The most relevant studies then, are not those that simply assess nutrient content, but are those that feed organic or conventional feed to animals and then look at how healthy they are. There are 14 such animal studies that have been performed over the last 70 years. In ten of these, the organically fed animals fared better; in one, the animals fed organic feed came in second among several chemically fertilized feeds; and 3 studies showed no difference, possibly due to weaknesses in the study designs.
The ten positive studies are summarized in Table 1. Again, these results support the notion that organically produced crops may be more conducive to good health and hence more nutritious. The positive effects are most striking in sick or otherwise vulnerable animals such as newborns and in sensitive areas of reproduction such as sperm motility. It is particularly interesting to see that the fertility of animals fed fodder grown with chemical fertilizers and pesticides declined over several generations. This recalls the progressive decline in health that Dr. Pottenger saw in each succeeding generation of cats fed a less than optimal diet.
In summary, from the research that has been done, it appears that organically grown crops may have, on average, a higher nutrient content than crops grown with chemical fertilizers and pesticides. In addition, animal evidence supports the thesis that organically produced foodstuff can produce a better health outcome over the long term, particularly in the area of reproduction. These studies support a return to traditional, organic farming methods.
Table 1. Summary of Results from 10 Animal Studies:
Comparisons of Organic with Conventional Feed
|Impact on Reproduction
Higher ovum production in rabbits (6 versus 3 eggs per dam) & chickens (192 versus 150 eggs per hen).
|Males: Testes in better condition in mice; sperm motility greater in bulls.
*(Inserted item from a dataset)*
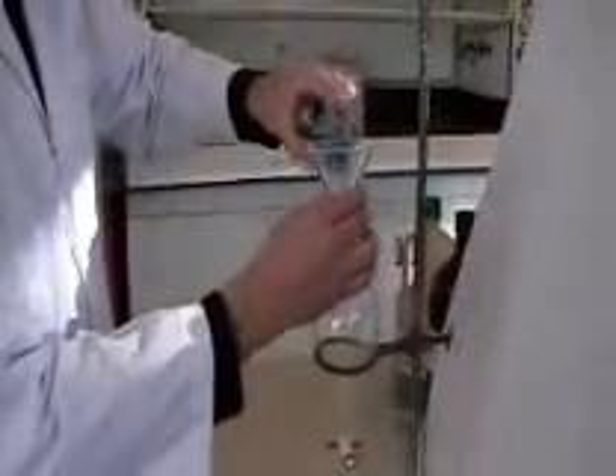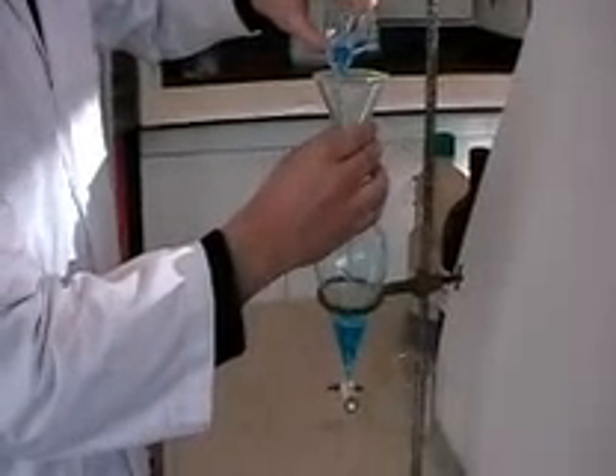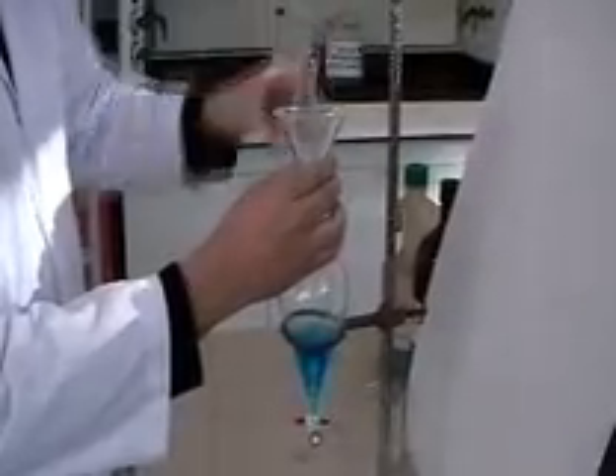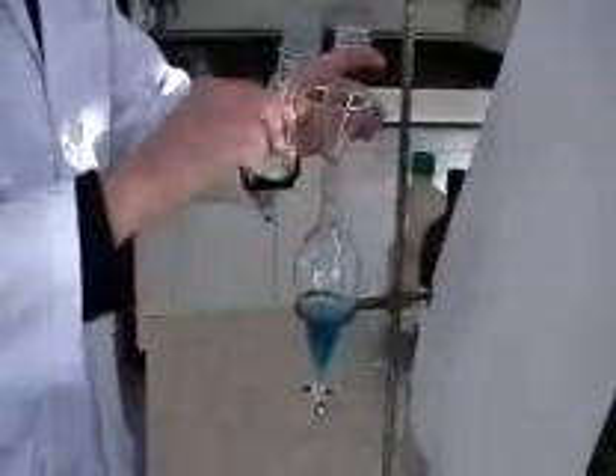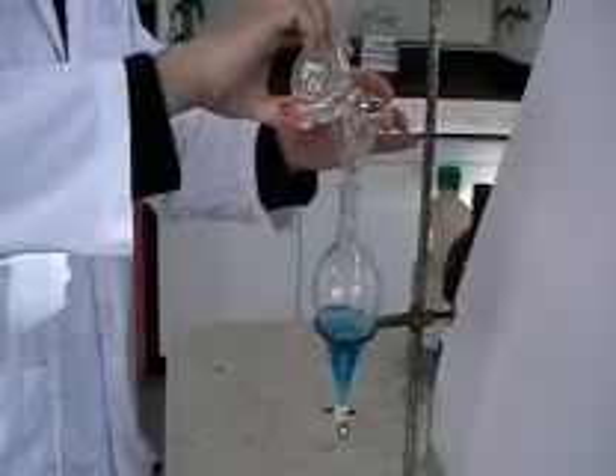We're just using an aqueous solution and some diethyl ether here, but the liquids can be anything. You gently pour your liquids in, and sometimes you can lift the funnel up to avoid any bubbling of the liquids as they pour in.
Fewer perinatal deaths & other deaths prior to weaning in rabbits (mortality rate of 27% versus 51%) in mice (mortality rate of 9% versus 17%) and rats
|Overall: Fertility rate of rabbits remained constant over 3 generations in organically fed rabbits and declined in rabbits fed conventionally produced feed
|Impact on Weight Maintenance & Growth
- Lower percentage weight loss (22.4% versus 37.4%) & longer survival (50 versus 33 days) in birds with polyneuritis.
- Better weight maintenance in lactating female rats.
- Higher percentage weight gain in young rats (77% versus 51.4%) and in chickens.
- Better weight gain after coccidial illness and fewer incidents of illness in chickens.